## [EXERCISE PROMPT]
With the images omitted, return all of the entries exactly as they stand.

*** Begin section ***

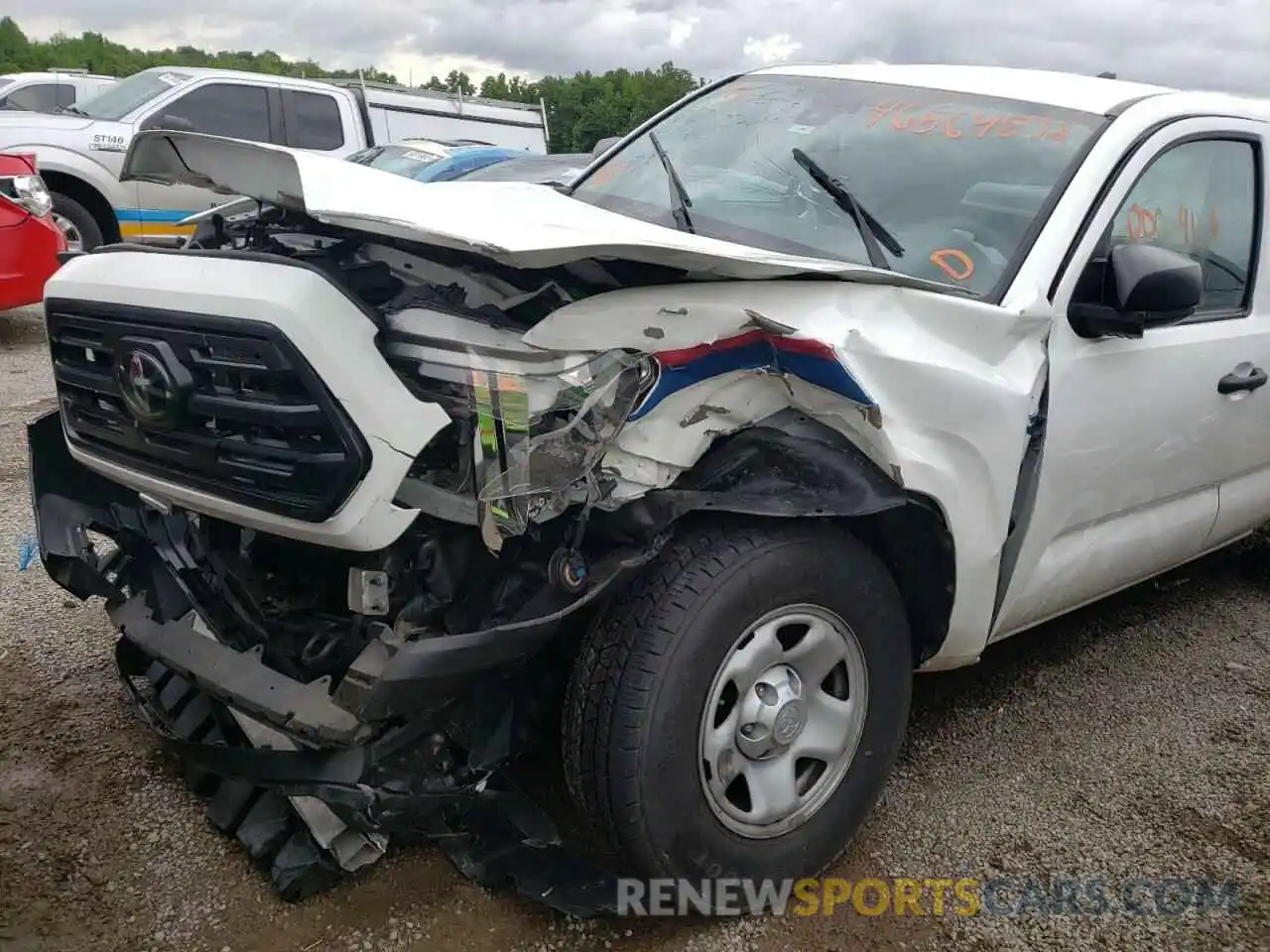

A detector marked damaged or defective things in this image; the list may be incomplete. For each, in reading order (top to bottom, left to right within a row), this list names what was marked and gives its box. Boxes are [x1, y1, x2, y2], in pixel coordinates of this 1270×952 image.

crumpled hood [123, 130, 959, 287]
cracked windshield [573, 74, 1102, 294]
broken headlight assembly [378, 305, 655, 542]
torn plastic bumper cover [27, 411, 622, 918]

*** End section ***

## [RESPONSE]
A detector marked damaged or defective things in this image; the list may be incomplete. For each, in reading order (top to bottom, left to right within a row), this list names what was marked and gives its box. Boxes are [x1, y1, x2, y2], in pixel coordinates of this 1270×952 image.

crumpled hood [123, 130, 959, 287]
cracked windshield [573, 74, 1102, 294]
broken headlight assembly [378, 305, 655, 542]
torn plastic bumper cover [27, 411, 622, 918]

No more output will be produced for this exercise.